Bartholomew has been included in Who’s Who twice — once for his engineering career and recently for his horticultural and humanitarian accomplishments. A civil engineer and graduate of Georgia Tech, he built a consulting engineering firm specializing in site and utility design. When he retired at age 42, he took up gardening as a hobby. As the saying goes, the rest is history …

What inspires you?

The vast, abundant and never-ending opportunities we have here in America.

If you hosted a dinner party for eight, whom (living or deceased) would you invite?

I’ll serve so there’s room for Presidents Reagan, Lincoln and Jefferson.
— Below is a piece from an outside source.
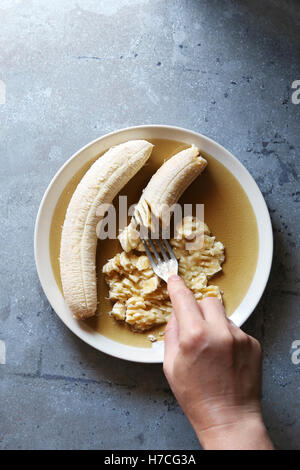 Weibliche Hand Maischen Banane mit einer Gabel einstechen. Ansicht von oben Stockfoto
General Patton, Julius Caesar, Thomas Edison, one of the Wright Brothers, Michelangelo, and set an extra plate for Leonardo da Vinci.

What are you currently reading?

The biographies of Rudy Giuliani, Lee Iacocca, Johnny Cash and “Killing Lincoln,” by Bill O’Reilly and Martin Dugard.

What is your most-prized possession?

That would be my three children and memories of a wonderful 80 years of life so far.

What is your most-marked characteristic?

My dogged determination to bring a better more efficient life to all. (Also, I can be difficult to get along with.)

What is your motto or philosophy of life?

Think ahead and be ready to grab every opportunity that flies by the window. Get the job done and stop looking for reasons or excuses why it can’t be done.